La visita è preceduta da una anamnesi (ricerca di notizie) sanitaria familiare e personale (passata e recente).

Questi elementi servono per formulare una corretta diagnosi.

Segue l’ispezione degli organi genitali e la palpazione degli stessi.

Nell’adulto la visita è accompagnata dalla esplorazione rettale che serve per valutare i caratteri della ghiandola prostatica e delle vescicole seminali. L’utilità di tale manovra nasce dal fatto che la prostata e le vescicole seminali sono posizionati “all’interno” dell’addome e quindi palpabili attraverso l’ano.

L’ECOGRAFIA

L’ecografia vescicole e prostatica trans-rettale:

Con questo esame ecografico è possibile un’analisi del retto e della prostata (nello specifico dimensioni, morfologia e struttura).
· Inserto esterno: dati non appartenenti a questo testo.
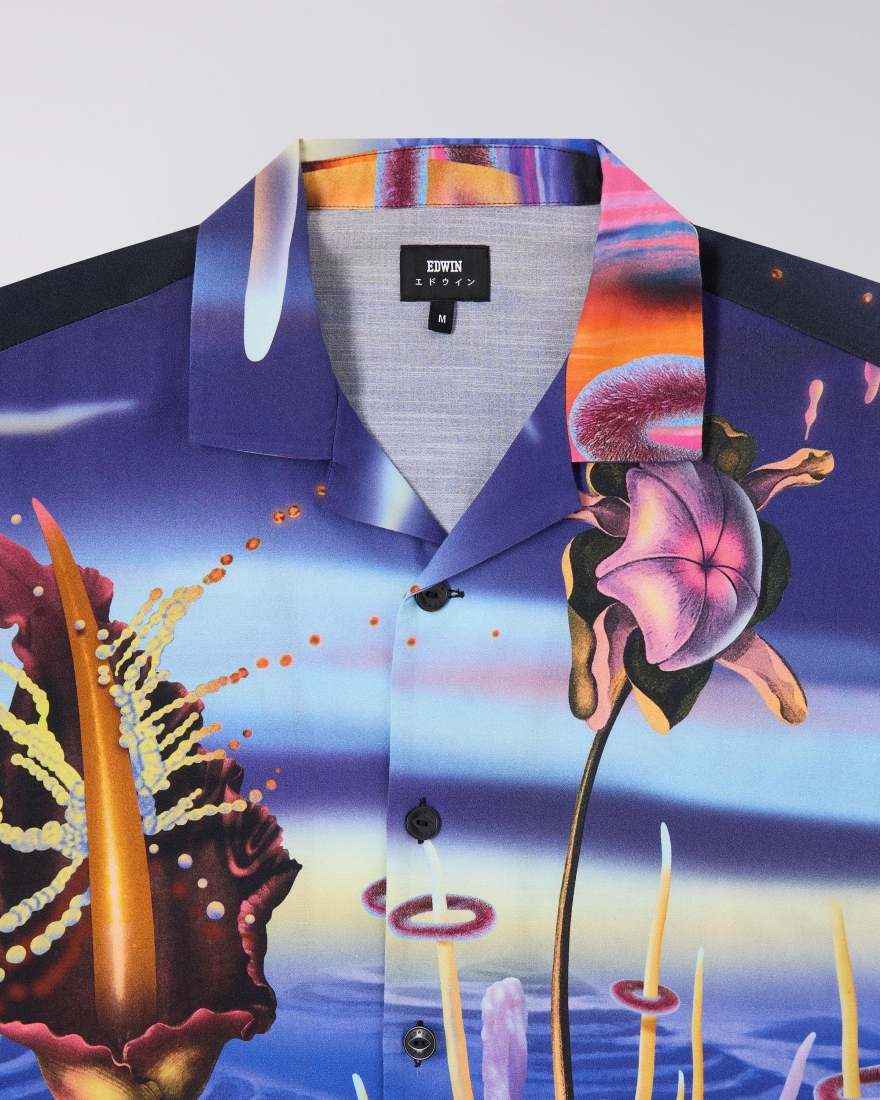 EDWIN Temple Of Flora Shirt SS Multicolor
L’indagine, oltre che consigliata periodicamente dopo i 50 anni come prevenzione dei tumori, è anche consigliata in caso di sospetta ipertrofia prostatica benigna (IPB) o anche per le prostatiti.

Ecografia per via sovrapubica:

Può essere un esame leggermente fastidioso perché serve la vescica piena.

L’ecografia, esame semplice e ripetibile, serve per dimostrare, con accuratezza e precisione, la presenza o meno di una patologia della vescica, della prostata, delle vescichette seminali; in particolare è volta ad escludere o confermare la presenza di formazioni tumorali (papillomi), ricercare calcoli della vescica, calcolare le dimensioni della prostata benigna i eventuali noduli di possibile natura neoplastica.

Prima dell’esame trans-rettale occorre effettuare un clistere di pulizia (microclima), da comperare in farmacia (3 ore prima) ed aver finito di bere 1 litro di acqua un’ora prima dell’esame, per quella trans-addominale.

L’elastosonografia:

Consente di valutare l’elasticità dei tessuti, ciò riveste notevole importanza nella diagnostica del tumore prostatico, che nella grande maggioranza dei casi presenta una ridotta elasticità.

PSA:

Il valore del PSA (antigene prostatico) totale o frazionato, è di estrema importanza; non solo per l’urologo ma anche per il medico ecografista, in quanto confrontando i dati ecografici (volume e peso della prostata) col valore del PSA può valutare il PSA massimo atteso. Il dosaggio del PSA e delle sue frazioni andrà tassativamente effettuato sempre prima dell’ecografia trans-rettale ed anche prima della visita urologica o dopo questa purchè avvenga dopo 7-10 giorni dalla esplorazione rettale o della eco trans-rettale. Inoltre bisogna sospendere l’attività ginnica-sportiva e l’attività sessuale nei 4-5 giorni precedenti l’esame.

Tutto ciò per non ottenere valori falsati del PSA e che quindi non rispettano la reale situazione clinica del paziente.

PHI Test (indice di salute prostatica):

Questo nuovo marcatore consente di discriminare meglio il tumore prostatico nei pazienti con PSA elevato e permettere così di limitare il numero di biopsie superflue; si effettua con un prelievo di sangue.

Uroflussometria:

E’ un’indagine urodinamica semplice, non invasiva, viene eseguita nel nostro studio, permette di misurare il flusso minzionale momento per momento, in tutto il suo tragitto, riproducendo i dati in forma grafica e numerica.